Ghz to MIPS? Rough estimate anyone?

From the research I have done so far I learned that there the MIPS is highly dependent upon the application being run, or the language.
But can anyone give me their best guess for a 2.5 Ghz computer in MIPS? Or any other number of Ghz?
C++ if that helps.
MIPS stands for "Million Instructions Per Second", but that value becomes difficult to calculate for modern computers. Many processor architectures (such as x86 and x86_64, which make up most desktop and laptop computers) fall into the CISC category of processors. CISC architectures often contain instructions that perform several different tasks at once. One of the consequences of this is that some instructions take more clock cycles than other instructions. So even if you know your clock frequency (in this case 2.5 gigahertz), the number of instructions run per second depends mostly on which instructions a program uses. For this reason, MIPS has largely fallen out of use as a performance metric.
For some of my many benchmarks, identified in
http://www.roylongbottom.org.uk/
I produce an assembly code listing from which actual assembler instructions used can be calculated (Note that these are not actual micro instructions used by the RISC processors). The following includes %MIPS/MHz calculations based on these and other MIPS assumptions.
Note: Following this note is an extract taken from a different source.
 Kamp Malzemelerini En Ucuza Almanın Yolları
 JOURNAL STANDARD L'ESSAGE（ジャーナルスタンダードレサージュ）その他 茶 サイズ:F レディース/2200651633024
http://www.roylongbottom.org.uk/cpuspeed.htm
The results only apply for Intel CPUs. You will see that MIPS results depend on whether CPU, cache or RAM data is being used. For a modern CPU at 2500 MHz, likely MIPS are between 1250 and 9000 using CPU/L1 cache but much less accessing data in RAM. Then there are SSE SIMD integer instructions. Real integer MIPS for simple register based additions are in:
http://www.roylongbottom.org.uk/whatcpu%20results.htm#anchorC2D
Where my 2.4 GHz Core 2 CPU is shown to run at up to 17531 MIPS.
Roy
MIPS officially stands for Million Instructions Per Second but the Hacker's Dictionary defines it as Meaningless Indication of Processor Speed. This is because many companies use the theoretical maximum for marketing which is never achieved in real applications. E.g. current Intel processors can execute up to 4 instructions per cycle. Following this logic at 2.5 GHz it achieves 10,000 MIPS. In real applications, of course, this number is never achieved. Another problem, which slavik already mentions, is that instructions do different amounts of useful work. There are even NOPs, which–by definition–do nothing useful yet contribute to the MIPS rating.
To correct this people began using Dhrystone MIPS in the 1980s. Dhrystone is a synthetical benchmark (i.e. it is not based on a useful program) and one Dhrystone MIPS is defined relative to the benchmark performance of a VAX 11/780. This is only slightly less ridiculous than the definition above.
Today, performance is commonly measured by SPEC CPU benchmarks, which are based on real world programs. If you know these benchmarks and your own applications very well, you can make resonable predictions of performance without actually running your application on the CPU in question.
They key is to understand that performance will vary widely based on a number of characteristics. E.g. there used to be a program called The Many Faces of Go which essentially hard codes knowledge about the Board Game in many conditional if-clauses. The performance of this program is almost entirely determined by the branch predictor. Other programs use hughe amounts of memory that does not fit into any cache. The performance of these programs is determined by the bandwidth and/or latency of the main memory. Some applications may depend heavily on the throughput of floating point instructions while other applications never use any floating point instructions. You get the idea. An accurate prediction is impossible without knowing the application.
Having said all that, an average number would be around 2 instructions per cycle and 5,000 MIPS # 2.5 GHz. However, real numbers can be easily ten or even a hundred times lower.